Sometimes businesses get wrongly blacklisted. Yes, it happens. They do get
destroyed because of this, people do lose homes and jobs over this.

But this isn't because Google takes a month or two to sort this kind of thing
out (a month or two is also not really acceptable - too long - given the
impact Google has on a business). It's because experience shows that once you
are on the wrong side of the big G, there's pretty much _nothing_ you can do
to get on the right side. It's no longer a question of a month or two, it's
about registering a new domain, and starting from scratch. Sometimes you have
to do this even when you didn't do anything wrong. This applies to almost
every Google service whether it's Search, Adsense, Gmail, or anything else.

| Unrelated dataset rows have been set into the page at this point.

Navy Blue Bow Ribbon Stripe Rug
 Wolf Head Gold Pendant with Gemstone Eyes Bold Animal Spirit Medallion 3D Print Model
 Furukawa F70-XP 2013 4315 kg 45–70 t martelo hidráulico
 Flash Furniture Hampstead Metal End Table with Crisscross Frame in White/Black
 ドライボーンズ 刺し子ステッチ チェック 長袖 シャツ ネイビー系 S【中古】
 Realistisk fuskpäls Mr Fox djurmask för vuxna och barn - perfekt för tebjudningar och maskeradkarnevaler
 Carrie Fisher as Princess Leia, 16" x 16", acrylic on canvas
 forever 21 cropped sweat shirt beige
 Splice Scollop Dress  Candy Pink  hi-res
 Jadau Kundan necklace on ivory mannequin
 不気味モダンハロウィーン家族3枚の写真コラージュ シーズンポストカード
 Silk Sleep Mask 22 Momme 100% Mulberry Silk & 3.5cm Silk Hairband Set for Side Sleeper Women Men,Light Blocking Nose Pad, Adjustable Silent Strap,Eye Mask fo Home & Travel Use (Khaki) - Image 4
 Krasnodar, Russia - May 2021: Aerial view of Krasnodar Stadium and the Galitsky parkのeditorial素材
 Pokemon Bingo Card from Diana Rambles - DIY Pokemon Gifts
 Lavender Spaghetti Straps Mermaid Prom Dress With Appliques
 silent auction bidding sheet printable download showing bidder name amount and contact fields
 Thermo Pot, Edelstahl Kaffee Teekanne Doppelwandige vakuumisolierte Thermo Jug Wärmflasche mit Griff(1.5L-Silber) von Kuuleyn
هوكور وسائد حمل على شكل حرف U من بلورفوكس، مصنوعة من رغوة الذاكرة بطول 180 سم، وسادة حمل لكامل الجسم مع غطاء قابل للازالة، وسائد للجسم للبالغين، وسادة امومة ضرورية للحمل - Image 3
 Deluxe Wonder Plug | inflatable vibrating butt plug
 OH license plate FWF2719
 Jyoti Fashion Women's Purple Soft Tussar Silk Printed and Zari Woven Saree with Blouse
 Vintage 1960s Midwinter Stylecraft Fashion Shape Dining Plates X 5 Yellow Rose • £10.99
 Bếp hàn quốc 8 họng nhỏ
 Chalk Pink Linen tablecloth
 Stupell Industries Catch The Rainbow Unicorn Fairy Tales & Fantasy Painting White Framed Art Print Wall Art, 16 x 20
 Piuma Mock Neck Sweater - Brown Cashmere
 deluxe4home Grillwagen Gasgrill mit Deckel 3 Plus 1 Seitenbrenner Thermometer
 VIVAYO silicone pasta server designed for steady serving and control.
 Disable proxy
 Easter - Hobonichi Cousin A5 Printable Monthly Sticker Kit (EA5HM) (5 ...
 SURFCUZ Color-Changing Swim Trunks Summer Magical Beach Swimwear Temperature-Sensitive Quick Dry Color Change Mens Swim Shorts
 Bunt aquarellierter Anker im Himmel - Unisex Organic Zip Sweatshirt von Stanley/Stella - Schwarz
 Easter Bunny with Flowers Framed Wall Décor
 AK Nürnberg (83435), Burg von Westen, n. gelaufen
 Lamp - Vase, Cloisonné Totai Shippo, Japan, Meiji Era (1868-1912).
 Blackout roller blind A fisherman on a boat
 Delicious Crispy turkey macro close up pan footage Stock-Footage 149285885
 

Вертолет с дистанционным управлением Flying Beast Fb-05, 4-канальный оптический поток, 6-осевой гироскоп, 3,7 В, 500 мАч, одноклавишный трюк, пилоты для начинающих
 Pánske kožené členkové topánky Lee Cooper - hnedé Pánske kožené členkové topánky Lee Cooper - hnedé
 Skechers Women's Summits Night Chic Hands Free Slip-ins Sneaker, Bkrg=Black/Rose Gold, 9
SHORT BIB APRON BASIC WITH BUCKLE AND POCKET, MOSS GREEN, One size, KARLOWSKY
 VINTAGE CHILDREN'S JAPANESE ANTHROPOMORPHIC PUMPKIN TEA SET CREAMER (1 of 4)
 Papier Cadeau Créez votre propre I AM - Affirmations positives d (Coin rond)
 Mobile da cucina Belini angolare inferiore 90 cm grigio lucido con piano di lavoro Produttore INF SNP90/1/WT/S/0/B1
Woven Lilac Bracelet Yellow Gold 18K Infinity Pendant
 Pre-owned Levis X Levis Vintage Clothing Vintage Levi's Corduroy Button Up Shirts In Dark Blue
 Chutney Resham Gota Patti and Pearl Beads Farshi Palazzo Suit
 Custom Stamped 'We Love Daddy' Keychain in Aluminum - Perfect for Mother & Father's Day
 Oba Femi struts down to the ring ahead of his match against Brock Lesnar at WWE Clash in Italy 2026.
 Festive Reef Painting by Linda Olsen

But Rap Genius definitely did something wrong. It was obvious for everyone to
see. Yet, they managed to follow the 'recommendations' and get back in the
game pretty quick. We know that this is probably because of connections
because _every_ business out there that gets blacklisted by Google will make
sure that they are 'regulation-compliant' ASAP. Yet, many of them never manage
to make it back and those that do take years at times.

Yes, knowing the US President helps, but that's provided you can get your work
done without knowing him as well, in a reasonable time frame. Especially when
it may make the difference between running a thriving business and being
homeless.

QED: Monopolies are bad.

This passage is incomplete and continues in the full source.